Floating-Point Determinism Now Configurable

NVIDIA CUDA Core Compute Libraries (CCCL) 3.1 introduces a new execution environment API that gives developers explicit control over reduction determinism. The update targets a fundamental challenge in parallel computing: floating-point arithmetic is not strictly associative, meaning (a + b) + c may not equal a + (b + c) due to rounding. This makes it difficult to guarantee identical results across multiple runs, especially in GPU parallel code.

Three Determinism Levels

The new single-phase API accepts an execution environment parameter that configures the reduce algorithm's determinism property:

  • not_guaranteed: Fastest mode using atomic operations and single kernel launch; results may vary between runs
  • run_to_run (default): Uses fixed hierarchical reduction trees to guarantee identical bitwise results across multiple runs on the same GPU
  • gpu_to_gpu: Employs the Reproducible Floating-point Accumulator (RFA) to ensure bitwise-identical results across different GPUs; 20-30% slower for large datasets

Implementation Details

The run_to_run mode structures reductions as a fixed tree: elements combine within threads, intermediate results reduce across warps using shuffle instructions, then across blocks using shared memory, finally with a second kernel aggregating per-block results. This predetermined sequence ensures consistent outputs regardless of thread execution timing.
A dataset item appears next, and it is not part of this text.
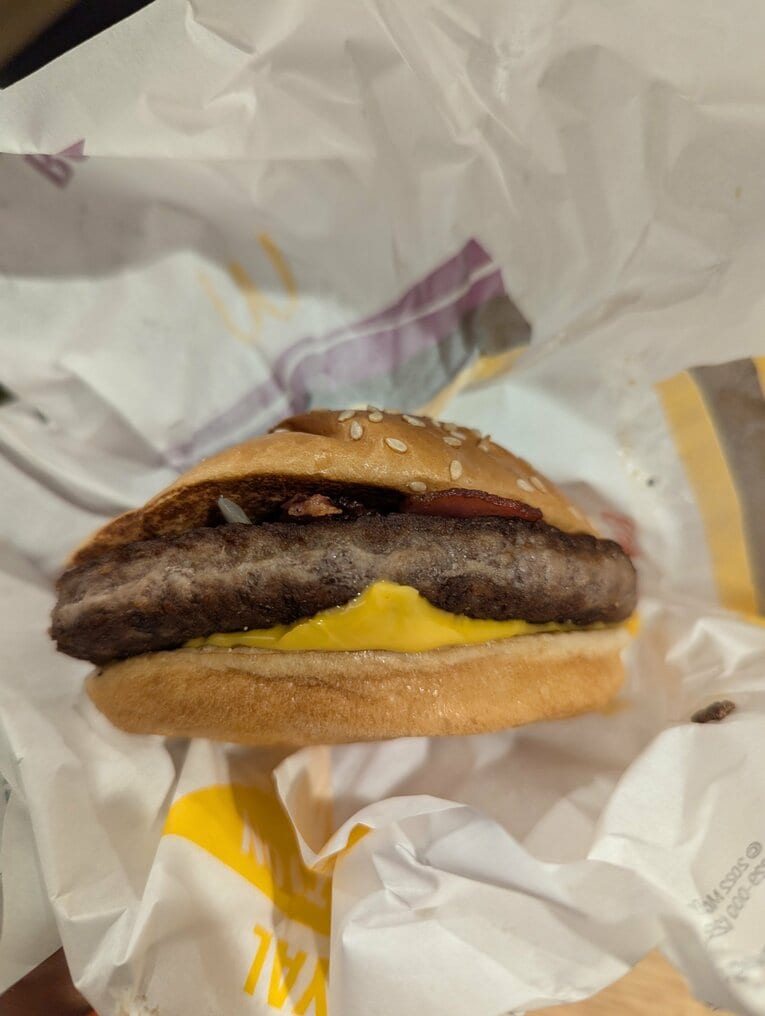 マクドナルドのロイヤルベーコンバーガー　©Yu Saito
GPU-to-GPU determinism uses the RFA technique to group inputs by exponent bins, enabling strict reproducibility and tighter error bounds at the cost of increased execution time. Developers can now choose the determinism level that best fits their application's requirements for correctness versus performance.

How to Use

The API is accessed through cuda::execution::require() to construct an execution environment object:

auto env = cuda::execution::require(cuda::execution::determinism::gpu_to_gpu);
cub::DeviceReduce::Sum(input.begin(), output.begin(), input.size(), env);

The determinism level can be changed by selecting not_guaranteed, run_to_run, or gpu_to_gpu. Note that this feature is only available through the new single-phase API, not the legacy two-phase API.